Pangaea will prepare not only astronauts, but also mission developers to work with European planetary geology field scientists on operational concepts for exploration, operating rovers and the design of sample-return missions.
The team of astronauts, spacewalk experts, engineers and scientists will use the course to tackle aspects of taking geological samples, discussing issues from operational field tools to mobility constraints, location, avoiding contamination of samples, support tools and documenting their work.
Three field trips are planned for this year. Course director Francesco Sauro says: “The novelty for this edition is in the new field trip to the Ries impact crater, in western Bavaria, Germany, that was also visited by Apollo 14 astronauts in 1970.”
After the last session of the course in Lanzarote, Spain, an extension campaign will test a series of technologies and protocols to increase awareness and prepare astronauts and operation engineers working in environments that resemble other planets.

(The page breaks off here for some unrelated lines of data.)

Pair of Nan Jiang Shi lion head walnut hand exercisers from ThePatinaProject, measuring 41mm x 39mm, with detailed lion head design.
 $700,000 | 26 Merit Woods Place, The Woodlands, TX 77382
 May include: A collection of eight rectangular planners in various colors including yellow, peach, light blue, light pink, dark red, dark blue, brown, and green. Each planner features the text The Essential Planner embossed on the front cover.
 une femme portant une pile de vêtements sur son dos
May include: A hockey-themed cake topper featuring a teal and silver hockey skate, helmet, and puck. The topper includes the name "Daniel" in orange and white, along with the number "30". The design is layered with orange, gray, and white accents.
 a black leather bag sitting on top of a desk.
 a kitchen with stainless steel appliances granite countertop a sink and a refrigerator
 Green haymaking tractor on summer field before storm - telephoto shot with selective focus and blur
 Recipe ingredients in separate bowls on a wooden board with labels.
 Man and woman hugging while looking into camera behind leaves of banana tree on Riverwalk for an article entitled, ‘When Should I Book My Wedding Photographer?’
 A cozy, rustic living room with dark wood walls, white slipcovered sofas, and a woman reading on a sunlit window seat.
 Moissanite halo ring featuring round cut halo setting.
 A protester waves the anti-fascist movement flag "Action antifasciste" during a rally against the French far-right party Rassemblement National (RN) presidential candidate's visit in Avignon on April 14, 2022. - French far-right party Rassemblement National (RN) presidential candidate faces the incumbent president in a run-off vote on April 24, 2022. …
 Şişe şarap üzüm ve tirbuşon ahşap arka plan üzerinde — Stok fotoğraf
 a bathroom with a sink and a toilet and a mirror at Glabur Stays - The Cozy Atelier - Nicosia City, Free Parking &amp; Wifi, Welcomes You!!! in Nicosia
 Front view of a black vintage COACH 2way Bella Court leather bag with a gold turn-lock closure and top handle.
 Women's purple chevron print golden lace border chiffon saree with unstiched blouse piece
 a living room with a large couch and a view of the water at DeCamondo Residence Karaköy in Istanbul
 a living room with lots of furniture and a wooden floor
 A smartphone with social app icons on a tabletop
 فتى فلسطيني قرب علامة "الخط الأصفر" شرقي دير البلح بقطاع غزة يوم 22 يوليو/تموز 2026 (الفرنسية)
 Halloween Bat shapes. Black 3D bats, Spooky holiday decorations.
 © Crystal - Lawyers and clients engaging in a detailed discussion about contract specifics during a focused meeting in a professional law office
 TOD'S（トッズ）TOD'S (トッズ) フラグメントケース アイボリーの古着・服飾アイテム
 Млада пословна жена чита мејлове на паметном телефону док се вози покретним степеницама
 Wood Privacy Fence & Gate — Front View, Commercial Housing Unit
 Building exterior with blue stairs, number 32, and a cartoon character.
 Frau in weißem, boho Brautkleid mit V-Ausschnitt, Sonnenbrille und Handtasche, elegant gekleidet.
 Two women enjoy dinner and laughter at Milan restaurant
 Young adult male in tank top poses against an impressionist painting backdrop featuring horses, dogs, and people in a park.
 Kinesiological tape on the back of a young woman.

During the course, ESA astronauts Matthias Maurer and Pedro Duque will use their experience from previous Pangaea courses as well as ESA’s CAVES underground training course and NASA’s NEEMO underwater simulation missions.
“The first edition of Pangaea was seen by some as being too early to prepare astronauts for planetary missions. But we learned a lot about the needs of engineers, scientists, astronauts and trainers, and the necessity to start thinking about space exploration from a different perspective,” said Loredana Bessone, responsible for Pangaea.
“The Pangaea course attracted the attention of ESA’s exploration team, and for this edition we decided to make of the course a platform and a forum to allow teams to grow together towards a joint human and robotic planetary geological exploration,” concluded Loredana.